- **Exercise prompt**:
Scan the listing below. Report each line that includes "Dress".

- **Information given**:
>>>>>

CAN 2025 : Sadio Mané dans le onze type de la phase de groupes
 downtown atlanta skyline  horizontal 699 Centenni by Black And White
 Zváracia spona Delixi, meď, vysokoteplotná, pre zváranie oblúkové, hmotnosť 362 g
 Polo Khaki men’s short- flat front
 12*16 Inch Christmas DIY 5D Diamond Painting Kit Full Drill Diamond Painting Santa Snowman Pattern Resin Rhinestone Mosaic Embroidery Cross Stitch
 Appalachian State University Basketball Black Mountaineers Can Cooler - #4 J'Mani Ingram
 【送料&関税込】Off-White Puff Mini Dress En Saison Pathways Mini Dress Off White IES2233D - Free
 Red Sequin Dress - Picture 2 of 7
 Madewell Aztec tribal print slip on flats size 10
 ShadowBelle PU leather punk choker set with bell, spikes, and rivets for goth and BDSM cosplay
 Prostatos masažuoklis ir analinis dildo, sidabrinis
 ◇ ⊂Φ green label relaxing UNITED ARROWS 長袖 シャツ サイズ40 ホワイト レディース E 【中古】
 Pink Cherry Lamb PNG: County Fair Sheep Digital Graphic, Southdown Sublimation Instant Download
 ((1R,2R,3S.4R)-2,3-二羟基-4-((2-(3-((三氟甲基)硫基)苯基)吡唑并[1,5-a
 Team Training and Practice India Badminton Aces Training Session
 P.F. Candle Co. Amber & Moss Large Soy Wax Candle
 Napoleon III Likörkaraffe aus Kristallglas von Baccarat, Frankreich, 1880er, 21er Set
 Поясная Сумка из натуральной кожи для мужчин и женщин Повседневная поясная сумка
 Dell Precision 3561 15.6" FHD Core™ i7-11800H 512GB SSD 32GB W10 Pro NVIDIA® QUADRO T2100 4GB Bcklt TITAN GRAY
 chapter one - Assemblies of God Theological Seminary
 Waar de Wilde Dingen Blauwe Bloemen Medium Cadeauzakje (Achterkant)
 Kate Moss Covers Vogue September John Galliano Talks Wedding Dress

<<<<<

- **Worked solution**:
 【送料&関税込】Off-White Puff Mini Dress En Saison Pathways Mini Dress Off White IES2233D - Free
 Red Sequin Dress - Picture 2 of 7
 Kate Moss Covers Vogue September John Galliano Talks Wedding Dress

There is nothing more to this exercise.